Bu yazı, yapay zekanın sivil toplum ve medyaya etkisinin ele alınacağı 'Yapay Temas' isimli yazı dizimizin dördüncü makalesidir.

HANDAN USLU

Teknoloji devleri sahnede gücünü pekiştirirken Türkiye’deki sivil toplum kuruluşları (STK) da teknoloji çağının getirdiği dönüşümlere ayak uydurmakta zorlanıyor.

Sivil toplumun, yapay zekanın toplumsal etkilerini anlamak ve etik kullanımını savunmak için teknik bilgi ve disiplinlerarası yaklaşımlarla kendini geliştirmesi şart. Teknolojinin gücüne karşı, bu devlerin oyun kurallarını sorgulamak ve onları sorumlu tutmak zorundayız. Yoksa yapay zekanın dönüşümü, daha önce görülmemiş bir yıkıcıkla eşitlik, adalet ve özgürlüğü ayaklar altına alacak.

Sivil Toplum, Big Tech'in uyum sahasında kendi kurallarını koyabilecek mi?

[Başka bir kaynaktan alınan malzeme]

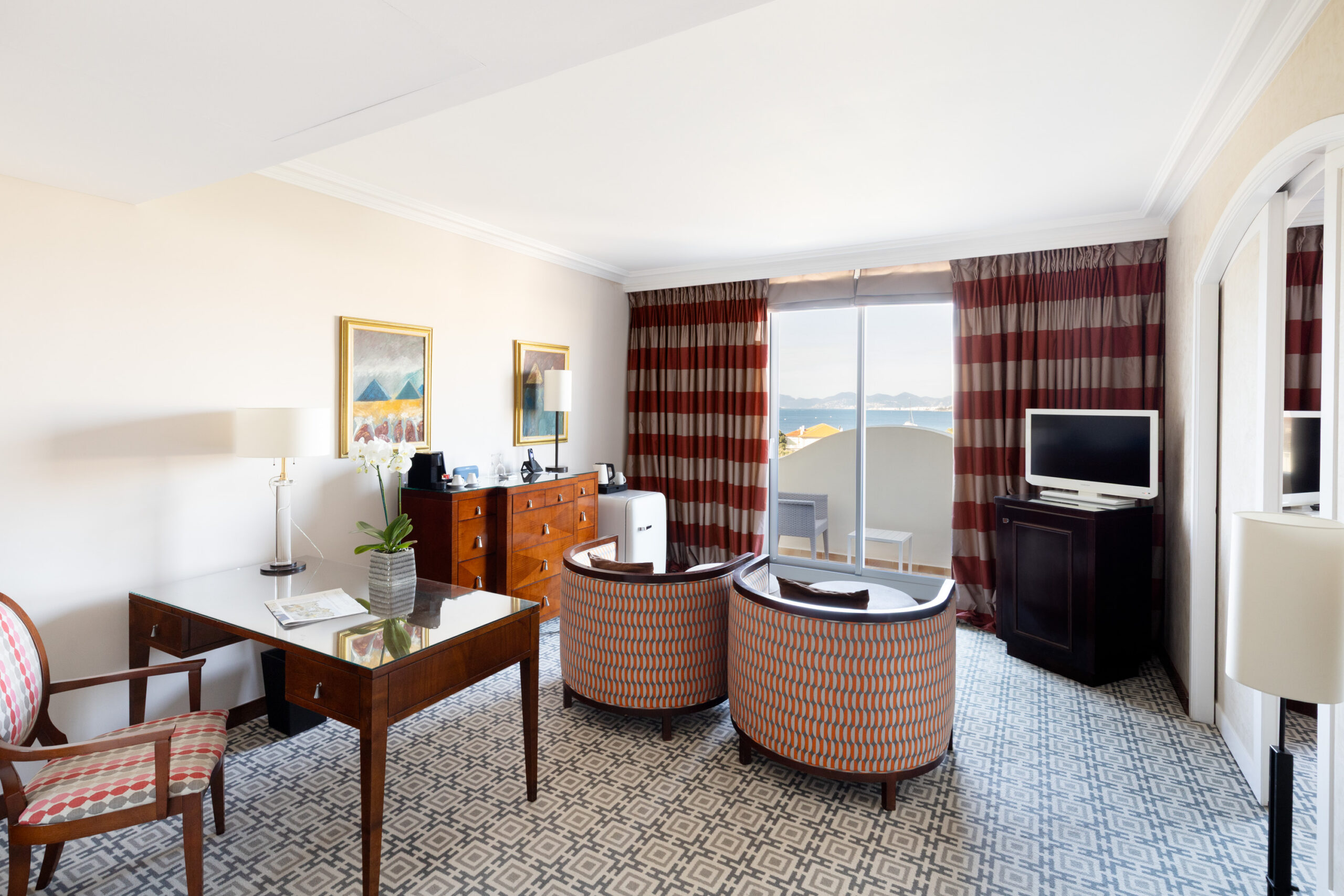 Suite 7 scaled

Sivil toplum, teknolojinin getirdiği toplumsal dönüşümlere teknik projelerle cevap veremedi ve bu durum için geçerli sebepleri, vardı.

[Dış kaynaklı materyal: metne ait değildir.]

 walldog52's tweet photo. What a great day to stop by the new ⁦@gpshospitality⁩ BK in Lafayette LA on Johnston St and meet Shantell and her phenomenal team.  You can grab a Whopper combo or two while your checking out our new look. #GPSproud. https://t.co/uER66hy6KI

Sivil toplum da bir sektör ve bu sektörde - işin doğası gereği - inovatif olan değil, bürokratik kası ve ilişki ağı güçlü olan kazanıyor. Dijital devrim etkili stratejiler ve hızlı tepkiler gerektirirken, sivil toplum projeleri yıllar öncesinden planlanmış, yönetimsel süreçlerin içinde boğulmuş durumda. Hızlı tepki veren özel sektöre kıyasla oldukça hantal bir yapıya sahip. STK’lar ve savunucular üzerindeki baskıyı da hesaba kattığımızda sivil toplumun teknolojiye karşı savunuculuğunu güçlendirmek için organizasyonel ve stratejik adımlar atmakta zorlanmış olması, şaşırtıcı değil.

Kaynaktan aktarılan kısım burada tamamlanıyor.